I would not go so far as to call a ball python arboreal or even call them tree dwellers. I think ball pythons will climb on things as they are cruising through the savannah. It is not like they will come across a shrub or tree and think "I need to find another way around or I may fall if I climb up that thing". The fact is they can live long and healthy lives on the ground in tubs and cages. Adding enrichment items like branches and vines and other things to climb just helps to give them options to scoot around but going so far as adding or inferring the word "need" into the equation might be a bit of a stretch. Finding something somewhere does not mean it lives in that location.
Let's take my rosy boa for example. They are ground and crevice dwelling snakes as shown from years of scientific research and the desert like conditions (chaparral actually) they live in. When I pick mine up, aside from trying to bite me because he is crazy food driven, he climbs. Should I now assume he must be a tree climbing snake? Nope, do I provide him things in his cage to climb and did I observe him climbing to the lip of the top of the cage when I got him? Yes.

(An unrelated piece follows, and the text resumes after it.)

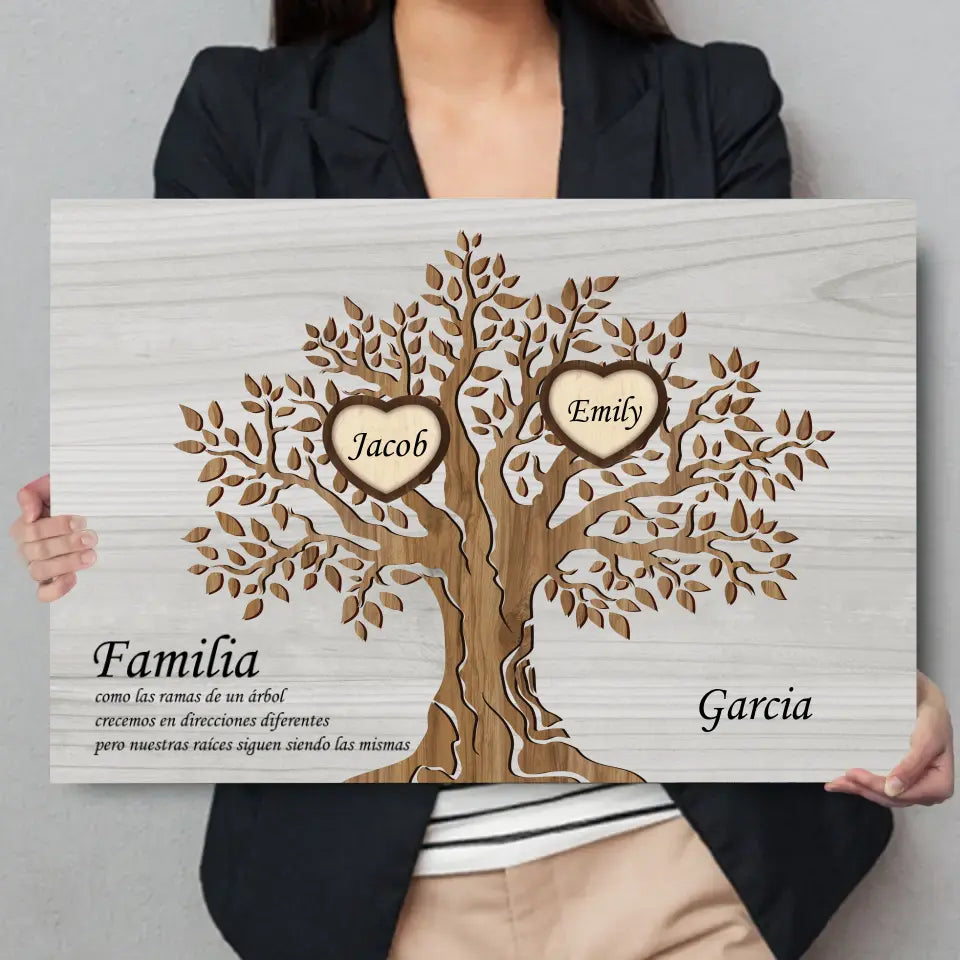 Genealógischer Baum – horizontale, personalisierte Liegefläche – Regal für Mutter, Mutter, Familie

There are more than just trees in these snakes habitats and they will climb over. in, around, and through them. Termite mounds for example are pretty tall and they need often to climb up to find an opening. Let's not call these snakes semi arboreal as they simply are not physically designed for it. They are terrestrial snakes but even terrestrial snake can climb. You want to see an arboreal snake, check out a green tree python, carpet python, or certain rat snakes.
Let's admit enrichment items are a beneficial bonus but not something that withholding is going to lead to anxiety or depression as seen in other animals like dogs.